Hierarchical Beta Regression Working in Stan but not RStanarm

Hello,

I am trying to run a hierarchical beta regression using the CarTask dataset found in the betareg package. I have never ran a hierarchical beta model before, so I was surprised that it sampled correctly on the first run. To make sure I was running the model correctly, I decided to check it using rstanarm, but to my surprise, I kept getting warning errors on the number of divergent transitions I was having. I attempted to solve the problem by using 10,000 iterations, but that did not fix the problem. The first question I have is if my Stan code is correct for the model below. The second is why is rstanarm having so many issues?

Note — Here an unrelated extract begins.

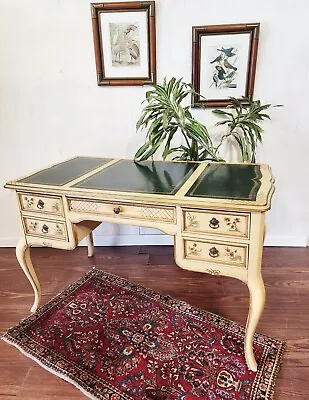 Shabby SLIGH French Writing Desk-Chinoiserie & Green Leather Vintage Asian Style • $995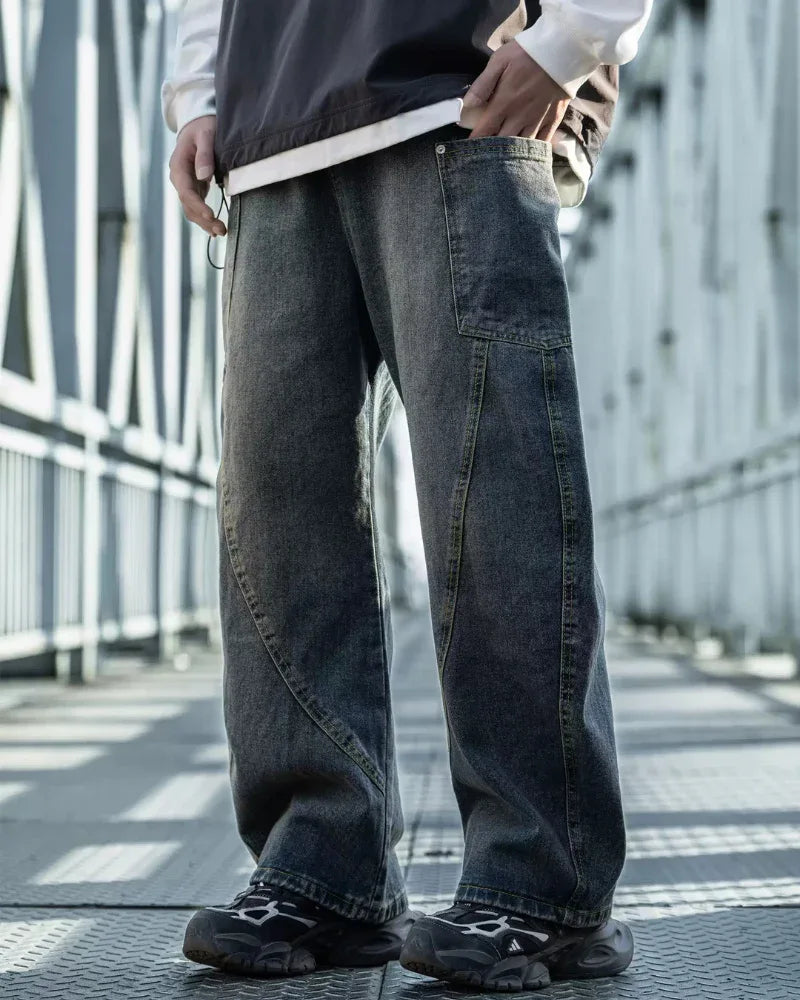 Chic Paneled Straight Leg Jeans - straight leg jeans - Stylish Straight Leg Jeans with Cargo Pockets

I am not complaining; I like having an excuse to use pure Stan rather than rstanarm, but I would have figured this model would have converged fairly easily in rstanarm.

Thanks.

Model:
probability ~ NFCCscale + (1|task)

Stan:


stan_beta_hier <- "
data {
  int<lower=1> N;                      // sample size
  vector<lower=0,upper=1>[N] y;        // response 
  
  int <lower = 0> num_fix; //number of fixed effects including intercept
  matrix[N,num_fix] fix_mat;

  int <lower = 0> num_random; //number of subjects
  matrix[N,num_random] ran_mat;
  
}

parameters {
  vector[num_fix] beta_fix;           // coefficients for beta_fix
  vector[num_random] beta_ran;           // coefficients for beta_ran
  real<lower = 0> phi;                // dispersion
  
}

model {
  // model calculations
  vector[N] LP;                        // linear predictor
  vector[N] mu;                        // transformed linear predictor
  vector[N] A;                         // parameter for beta distn
  vector[N] B;                         // parameter for beta distn

  LP = fix_mat*beta_fix + ran_mat*beta_ran;
  
  for (i in 1:N) { 
    mu[i] = inv_logit(LP[i]);   
  }

  A = mu * phi;
  B = (1.0 - mu) * phi;

  // priors
  beta_ran ~ normal(0, 5);  
  beta_fix ~ normal(0, 5);
  phi ~ cauchy(0, 5);                  // different options for phi  

  // likelihood
  y ~ beta(A, B);
}
"

# being lazy with my design matricies
m0 <- lmer(probability ~ NFCCscale + (1|task), data = CarTask)

x = getME(m0, "X")
z = as.matrix(getME(m0, "Z"))

# data
dat = list(N = length(CarTask$task),
           y = CarTask$probability,
           num_fix = dim(x)[2],
           num_random = dim(z)[2],
           fix_mat = x,
           ran_mat = z)

# model/sampling
mod <- stan_model(model_code = stan_beta_hier)
fit <- sampling(mod,
                data = dat,
                chains = 4, iter = 2000, verbose = FALSE)

rstanarm:

library(rstanarm)

m1 <- stan_glmer(probability ~ NFCCscale + (1|task),
                 data = CarTask,
                 family = mgcv::betar(),
                 chains = 4, iter = 5000)
summary(m1, digits = 4)

Should have mentioned, but the Stan code is adapted from Michael Clark

I can’t help with rstanarm (pinging @bgoodri, @Jonah), but I can suggest some cleanup for the Stan code:

beta_ran ~ normal(0, 5);
beta_fix ~ normal(0, 5);
phi ~ cauchy(0, 5);   // Gelman suggests a Pareto distribution here, but Cauchy is also very long-tailed
vector[N] mu = inv_logit(fix_mat * beta_fix + ran_mat * beta_ran);
y ~ beta_proportion(mu, phi);

We use that beta parameterization so much we built it in as beta_proportion.